I love Kyoto - there's so much history and culture of Japan in this one city. It's the perfect combination of traditional and modern all wrapped up in one place. I would even call it the quintessential Japanese city. Absolutely fantastic and a definite must-see for any trip to Japan!
The stores and temples near Gion (also known as the Geisha district)
So much history, beauty and amazing architecture
The world famous Zen Rock Garden and Kinkaku-ji (Golden Temple)
Now onto the food...
Shabu Shabu on Pontocho (famous food street)
Japanese breakfast at the Kyoto Hotel (the tofu in the soup was really good!!)
I have no idea what this was - but it was the closest food for what felt like miles in Kyoto (they don't call Kyoto the walking city for nothing). The balls were gummy,chewy and really gross - not our thing at all.
The cheapest lunch/dinner/takeout we found in Japan! Something like 380 yen at some takeout store in the middle of Kyoto. It was great value for money - the food was good, they made it fresh to order and it was super cheap - it really didn't get any better than that.

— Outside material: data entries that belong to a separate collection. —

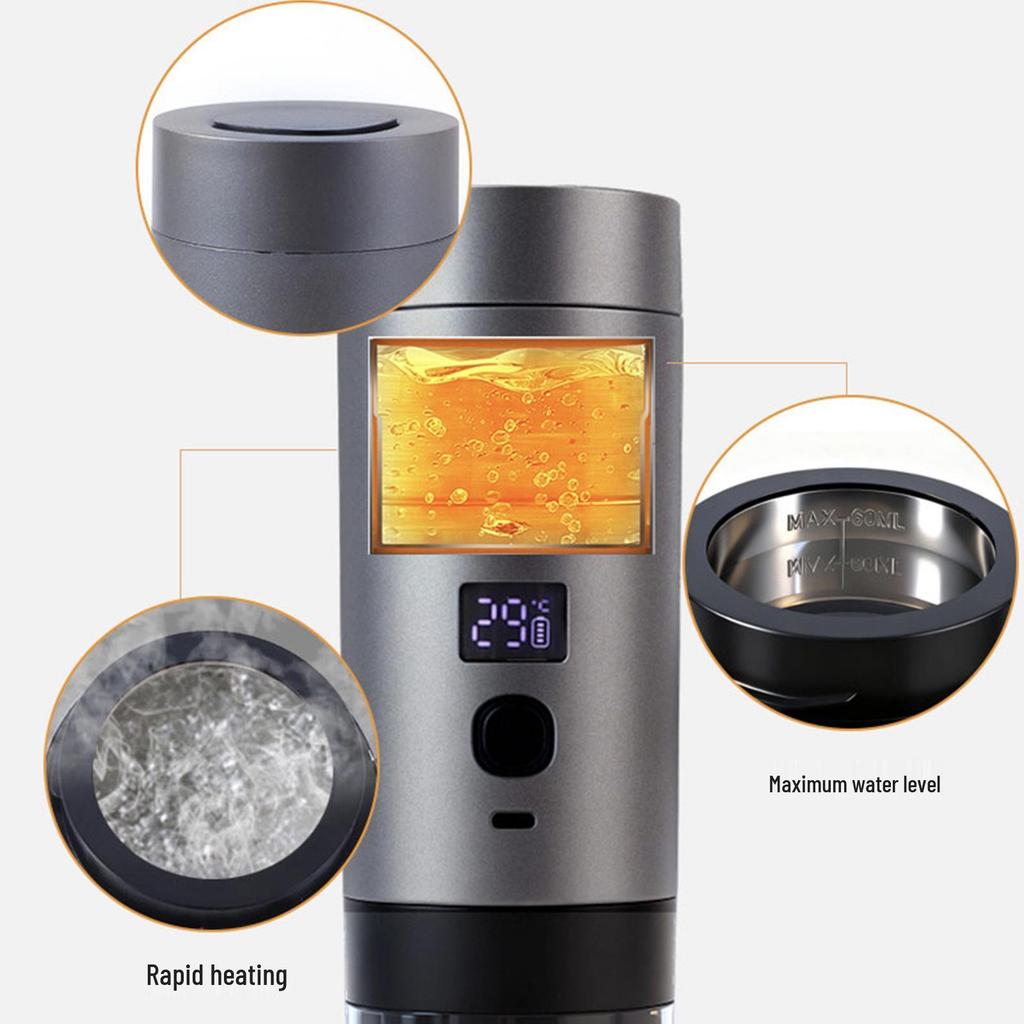 Travel-Friendly Portable Heated Mini Capsule Coffee Maker
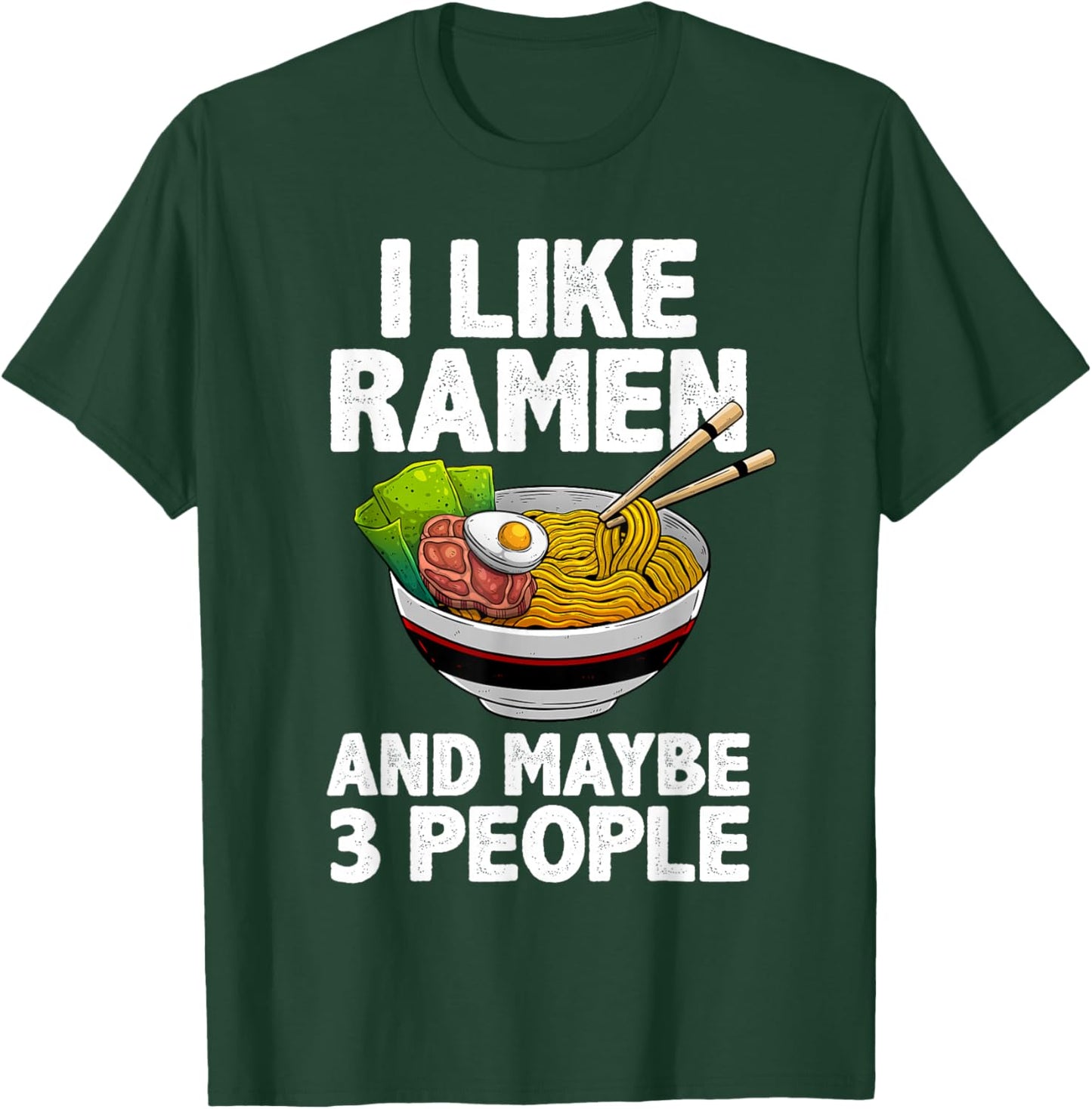 Cool Ramen Women Anime Ramen Noodle Soup Cup Noodles T-Shirt - T-Shirt | Forest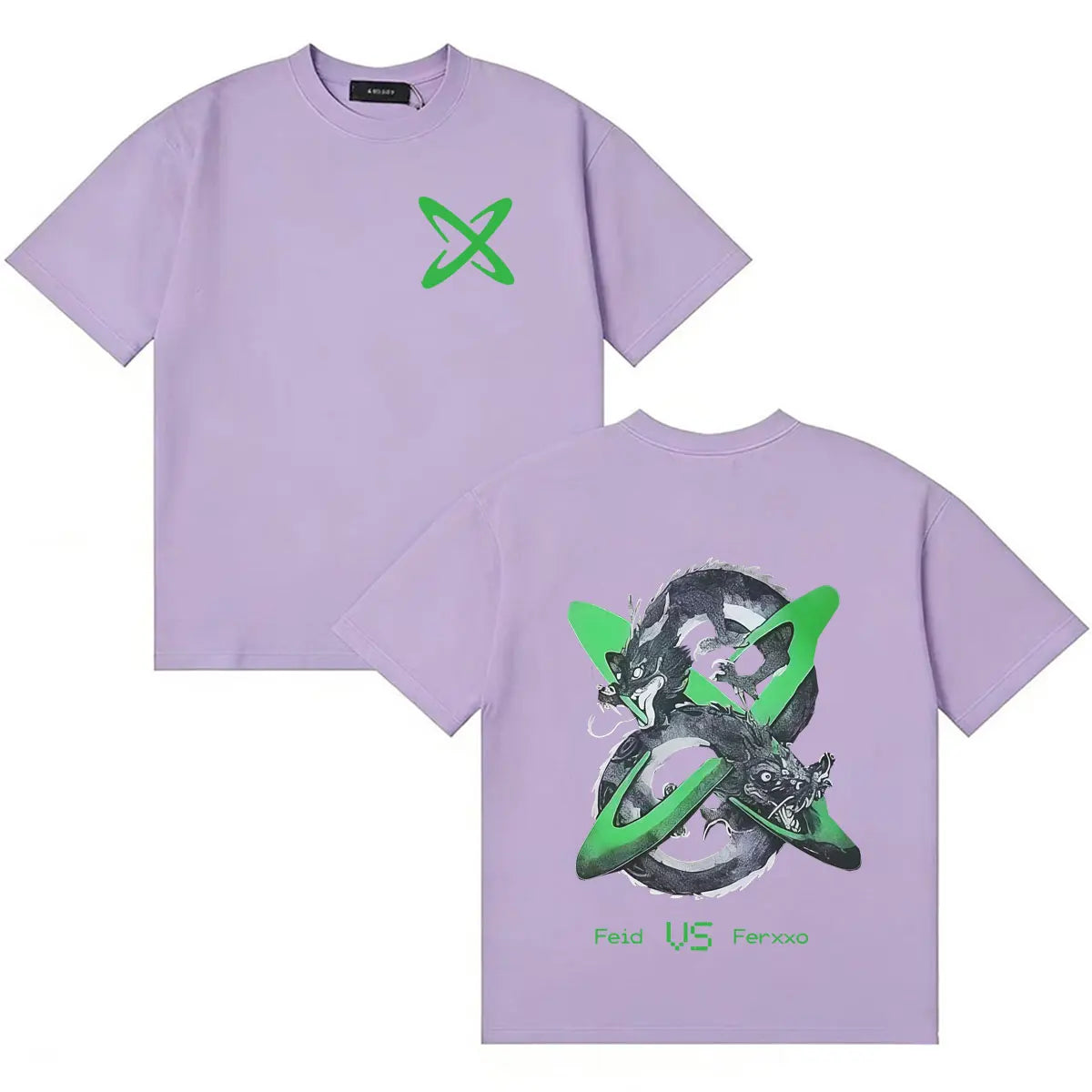 Feid EL GREEN PRINT: La Saga Dragon X T-Shirt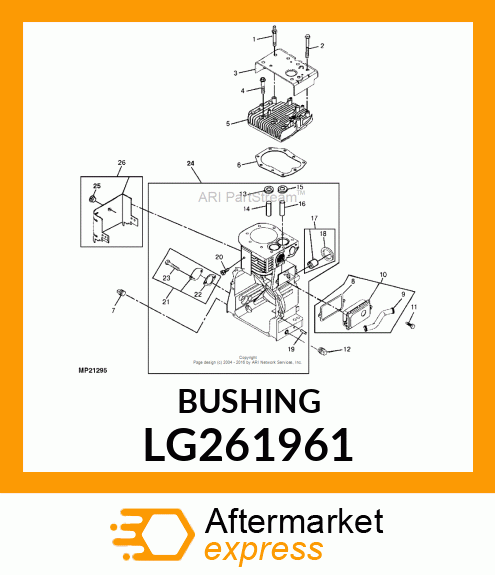 Bushing Guide Exhaust Valv LG261961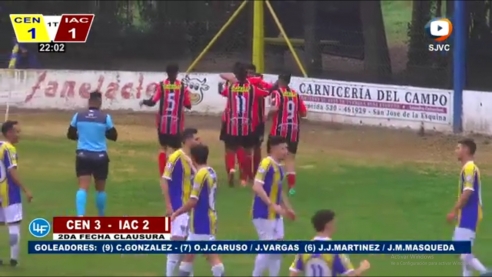 FÚTBOL IAC: CAÍDA ANTE CENTENARIO – 21/07/24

Our Japan Trip Planner recommended this restaurant near Ginkaku-ji and the Philosopher's Path because it is a very famous Udon place. We got the hot Udon with vegetables. The taste of the Udon was definitely not something we were used to since the taste was milder than what we would have expected (most likely because the Udon we usually eat is a lot more strongly flavoured). The broth was very strong and the sesame seeds (which I thought were normal sesame seeds but turned out to be like smoky sesame seeds) actually added a different flavour to the noodles. The entire meal felt like a whole cacophony of subtle flavours that I couldn't quite appreciated so I didn't particularly enjoy the noodles.
The Melon Bun Snack!
Due to my brother's obsession with melon buns (see Ito & Gotemba Blog Entry), we proceeded to pretty much try every single bakery's melon buns (that we could find in Kyoto). This one we got at the Suzuya store in a subway station in Kyoto. Not as delicious as the one we tried in Mishima, but it was a melon bun and my brother was happy. (Someone needs to start making melon buns in Toronto - seriously - not the pineapple ones - the real melon flavour buns)
Japanese stone grilling
There have been rave reviews of Issian Pontocho in all the guide books that we looked at (Frommers, Lonely Planet, etc), so we decided to try to find it in the confusing Pontocho area and after much wandering and questioning of the locals, we found it in a side street off the main street.
Everyone in the restaurant spoke English and it was such a relief to hear English being spoken again (especially since most people in Japan didn't really have a solid grasp of the language).
The food was ok...we sat there waiting for the waiter, but after a while our hunger got the better of us and we started to cook it for ourselves. The sauces weren't as good as the ones we usually get in Korean Barbecue. I wasn't particularly impressed with Issian and didn't quite see what all the hype was about (I like KBBQ in Toronto much better) and when we left, we had the smoky smell of bbq clinging to our clothes (the ventilation in the restaurant was pretty bad).